An' when we're done; when He's nothing but a name on a tombstone then I'll fade away like the morning mist on Hampstead Heath – you got my word. Lucile can have you back, her naive and beloved Benjamin, a little worse f'wear but nothin' she can't fix – no blood on his hands 'cos it's all on mine...

Silence; a courtesy only because they both knew what the answer would be – both knew there was only one answer there could be.

So,said Todd. What d'you say?

0-0-0-0-0

Inghram awoke from a restless sleep to find the occupant of the bunk gazing at him; it was a chilling look despite its utter lack of malice. In fact it showed a great lack of anything at all which was why the doctor found it so off-putting.

It was as if all confusion, fear, doubt or hope had been obliterated; buried beneath uncountable fathoms of volcanic glass that shone so clear and black in those eyes. All that remained was a patient purpose – although what task that purpose might seek to complete Inghram didn't know and didn't care to know.

He felt that he had watched a metamorphosis; the sea had drowned this man for all that he'd been rescued, he had died by degrees despite the doctor's care. And what had awoken in his place was a colder, stronger and far more certain creature.

"I owe you my life." The voice was rough and low, the London cadence more pronounced than before. A glance towards his arm, aching and bandaged on the sheet. "You have my word that I'll not attempt t' waste it."

The relief Inghram felt was immense; he'd feared the strain and fever had irreparably addled the man's senses, breaking him into something that only sought destruction for himself or others.

"I'm glad to hear it. I feared I was at fault; pushing you towards company when you were not ready."
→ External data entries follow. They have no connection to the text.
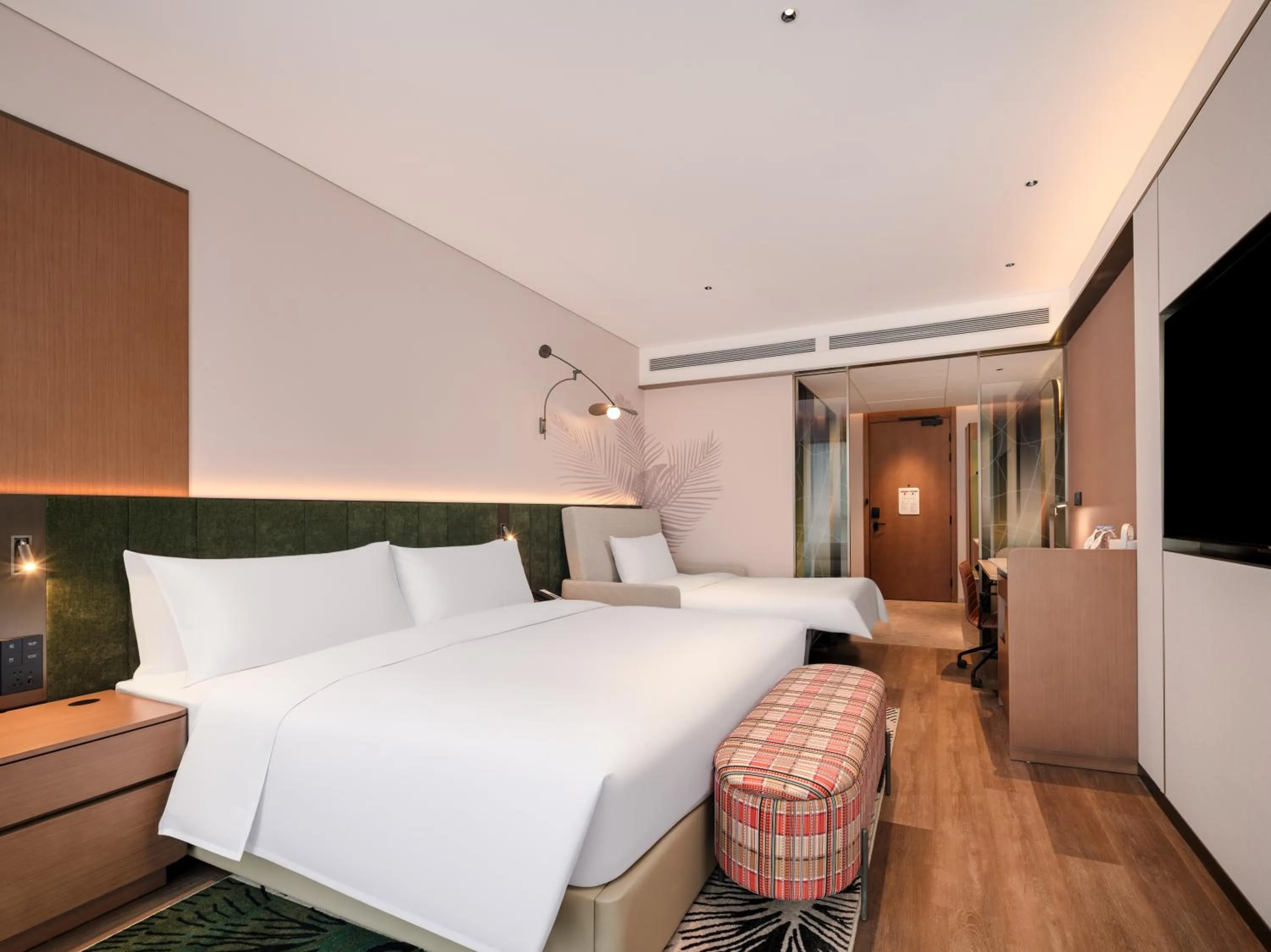 Bed in Hilton Garden Inn Chengdu East Railway Station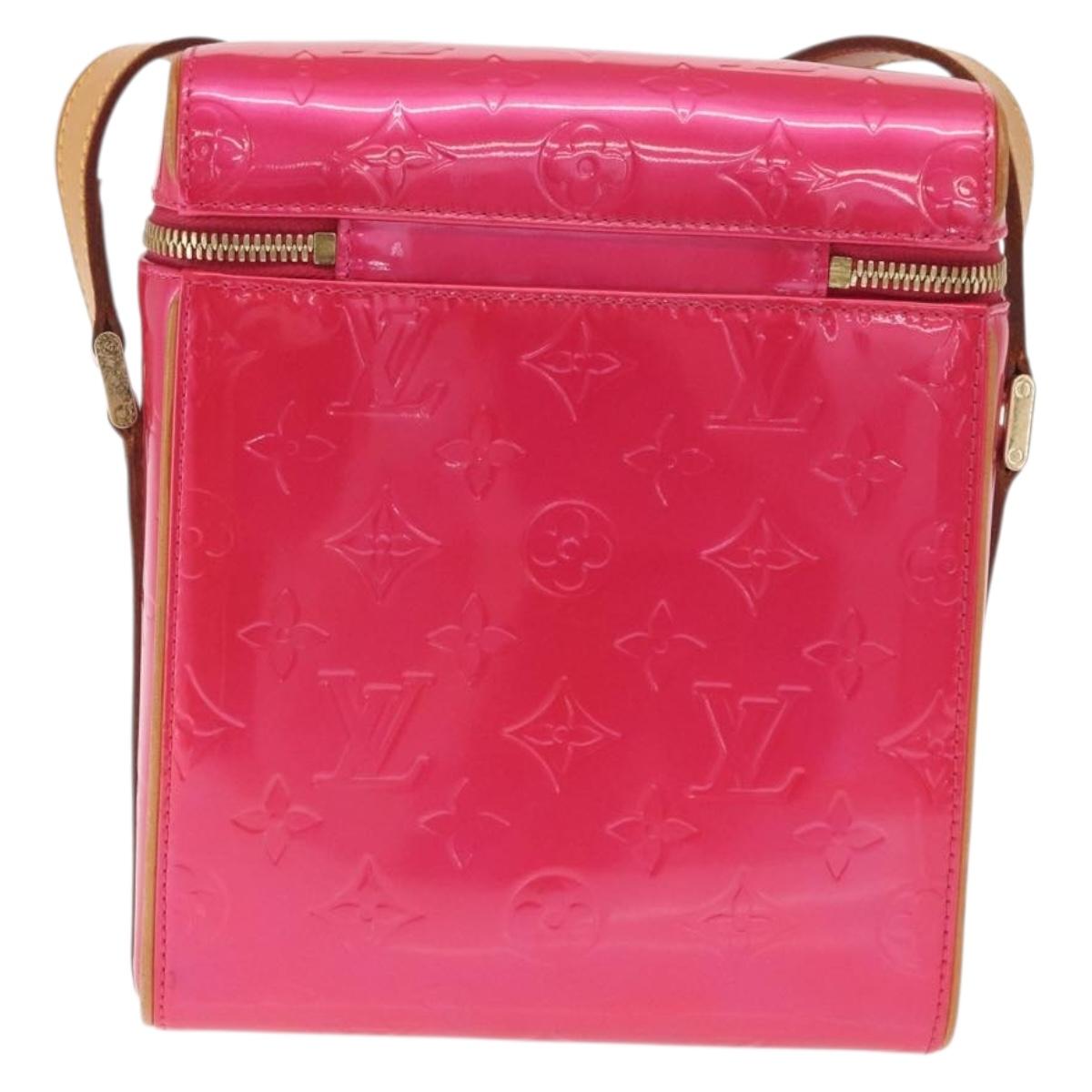 LOUIS VUITTON Vernis Sullivan Vertical Bag Fuchsia Pink M91259 LV Auth 171369V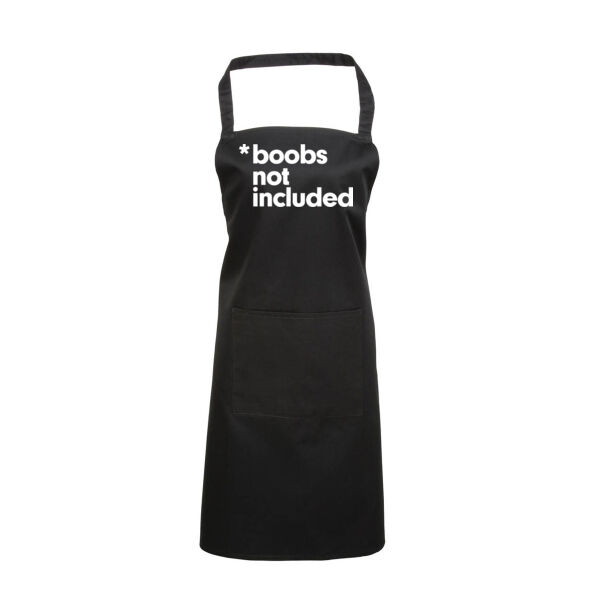 BOOBS NOT INCLUDED <br> Apron Thumbnail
A small shake of the head. "The blame is mine. I was... unsettled. It won't happen again," he said softly and with great certainty. He fell silent after that, although his expression showed calculation, as if he was measuring his words carefully before committing them to sound. "I thought perhaps... I might dress an' tidy myself." There was a hint of questioning in those words, a seeking of the doctor's approval.

"Of course!" Inghram smiled. "Although I can't promise as to the fit of the clothes..."

The man hauled himself upright and sat, tired and straight-backed, gazing down at his bandaged wrists as they rested upon the blue cotton of his borrowed under-britches. Clothes and cleanliness didn't make a gentleman of course, but they could in his experience make a damn big difference.

"You've done more f'me than I could ever repay, Mr Inghram."

The doctor looked up, a little surprised to hear his name for in truth he'd thought the man near insensible when he'd offered it.

The unknowable obsidian eyes held his gaze. "I beg your forgiveness f'my lack of manners." One thin wrist lifted from his lap as he held out his hand in formal greeting. "My name is Sweeney Todd. At your service, sir." A small smile, sharp and vulpine. "An' I would be honoured t' dine with Captain Flemming at his convenience."